Guayabo wasn't a particularly large historic site, but it was very scenic and provided a good context for Costa Rican culture. We visited some of the raised mounds that once held 8-9 story buildings of shamans and high ranking officials--now, several thousand years later, it kind of looks like a place where hobbits would live.



After Guayabo, we stopped off at the most incredible overlook where there were a bunch of people getting ready to paraglide. Conveniently, I learned how to use my camera's panoramic settings while we were on top of the hill, so I'll let the pictures speak for themselves. I don't really know how to describe how being on top of the hill made me feel other than to say it'll probably be my favorite experience in the whole trip. I kept expecting Julie Andrews to appear and bust out in the Spanish version of "El sonido de la música".


 After chilling on the hill, we ate lunch at Bocadito del Cielo--an open air restaurant nestled right in the middle of a mountainside. It pretty much solidified me wanting to move here.


We were very fortunate in that the Feria Nacional de Chayotes was going on in Paraiso this afternoon. Joanna, the program coordinator, explained to me that each town has a festival of sorts once a year. This particular town celebrates the chayote, a vegetable that is farmed in Costa Rica.
 
There were artisans, food stands, live dance performances, music, etc.

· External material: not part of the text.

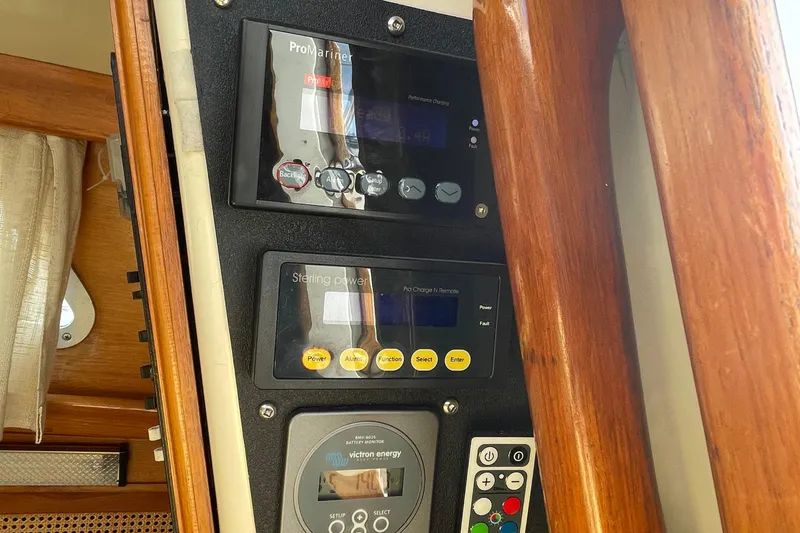 Slide: The Image of Control panel inside a 1987 Bristol 35.5 yacht, featuring ProMariner and Sterling Power displays. - 30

Very, very cool demonstration of Costa Rican culture. The coolest part of the festival was the chayote bagging competition. They had 5 heats of 5 women each (25 total) go head to head in a chayote bagging competition. Think about the folks that bag your groceries at the supermarket. Now put that on hyper fastforward and that was this competition. One chayote per bag, as fast as you can. It was pretty impressive. I think the winner took home like 50,000 colones.


We spent a considerable amount of time on the bus today--enough to allow me to finish one of the books I brought. I brought 3 hardcopy books, one kindle book on my phone, and one book on tape on my iPod. Goal is to finish all of them before I get home--pretty ambitious!